TASK OBJECTIVE — Copy out exactly, and only, the lines from the one containing "this 300×470 image." through the end of the entries. No pictures.

(Saved entries)
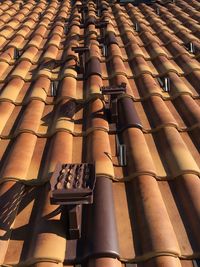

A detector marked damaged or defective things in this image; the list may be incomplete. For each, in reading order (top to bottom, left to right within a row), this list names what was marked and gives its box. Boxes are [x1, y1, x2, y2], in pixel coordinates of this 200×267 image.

rusty metal bracket [101, 82, 126, 127]
rusty metal bracket [49, 163, 95, 241]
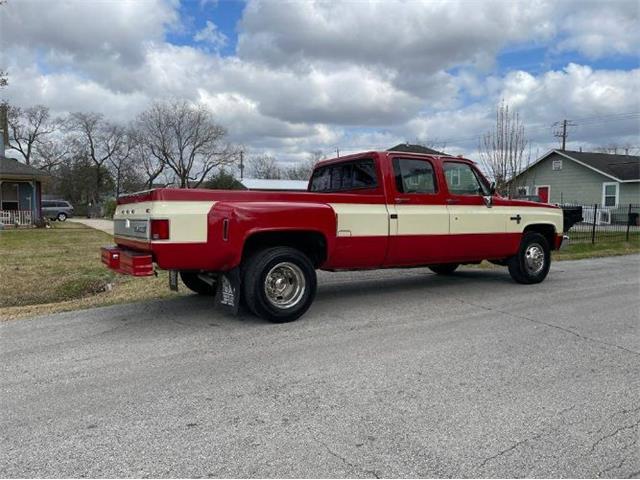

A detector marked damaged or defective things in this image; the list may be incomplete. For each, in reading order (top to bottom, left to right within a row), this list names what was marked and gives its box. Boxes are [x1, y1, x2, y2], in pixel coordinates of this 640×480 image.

cracked pavement [1, 255, 640, 476]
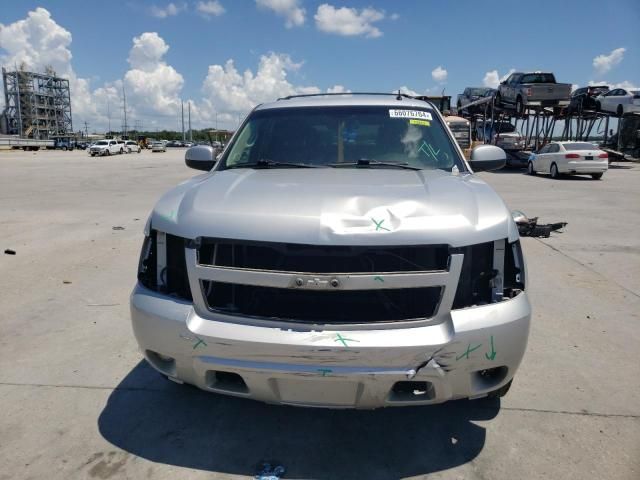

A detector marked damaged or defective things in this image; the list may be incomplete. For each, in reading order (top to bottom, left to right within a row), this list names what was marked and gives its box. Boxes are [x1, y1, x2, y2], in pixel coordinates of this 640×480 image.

damaged front bumper [130, 284, 528, 408]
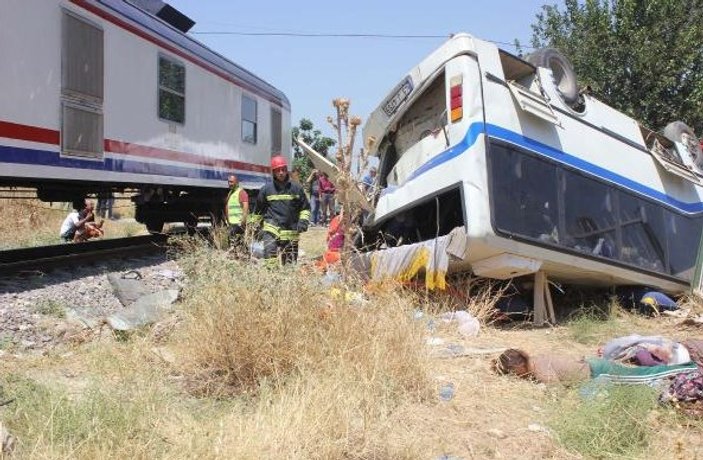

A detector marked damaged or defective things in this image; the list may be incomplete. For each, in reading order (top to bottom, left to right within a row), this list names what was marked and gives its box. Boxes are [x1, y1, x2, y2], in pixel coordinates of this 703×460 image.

overturned bus [360, 32, 703, 292]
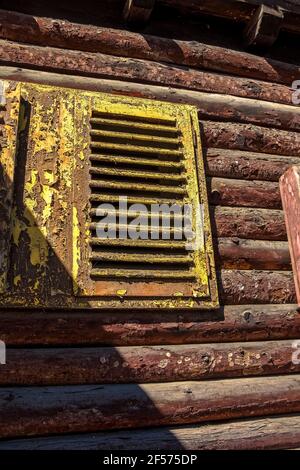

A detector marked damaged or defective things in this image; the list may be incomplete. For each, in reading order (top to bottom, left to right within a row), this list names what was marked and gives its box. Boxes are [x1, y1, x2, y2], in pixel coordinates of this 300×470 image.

rusty metal vent [88, 112, 195, 280]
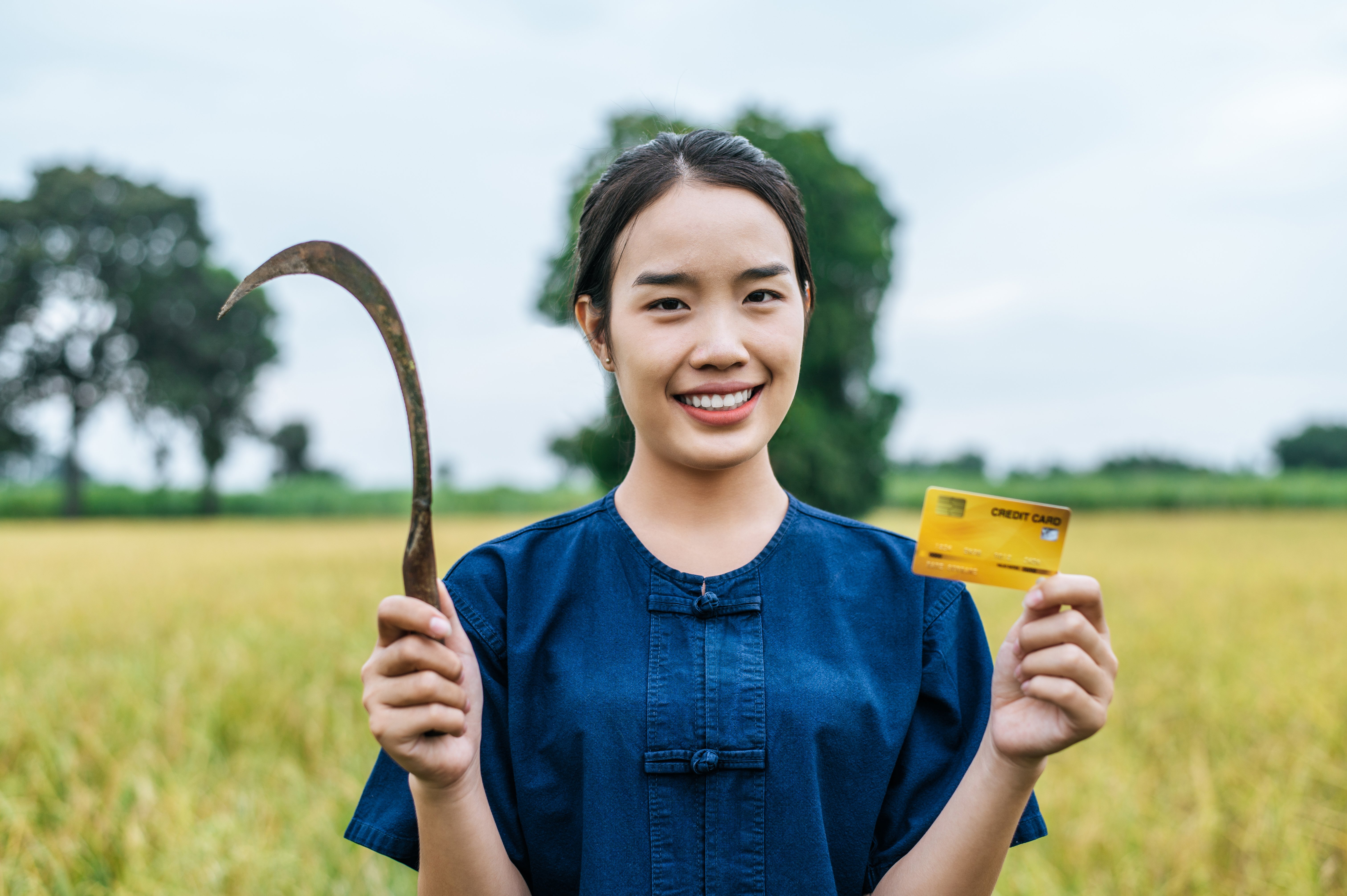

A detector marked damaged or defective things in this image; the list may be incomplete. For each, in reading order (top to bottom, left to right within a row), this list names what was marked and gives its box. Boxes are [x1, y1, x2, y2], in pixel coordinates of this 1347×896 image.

curved rusty blade [215, 241, 436, 609]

ANSWER TO THE PROBLEM —
A detector marked damaged or defective things in this image; the list may be incomplete. For each, in reading order (top to bottom, left to right within a row), this list names what was marked and gives its box. Boxes are [x1, y1, x2, y2], in pixel coordinates of this 300×470 image.

rusty metal vent [88, 112, 195, 280]

A detector marked damaged or defective things in this image; the list may be incomplete. For each, in reading order (top to bottom, left to right within a row), this list names what was marked and gives its box. Boxes are [x1, y1, x2, y2], in pixel coordinates of this 1347×896 image.

curved rusty blade [215, 241, 436, 609]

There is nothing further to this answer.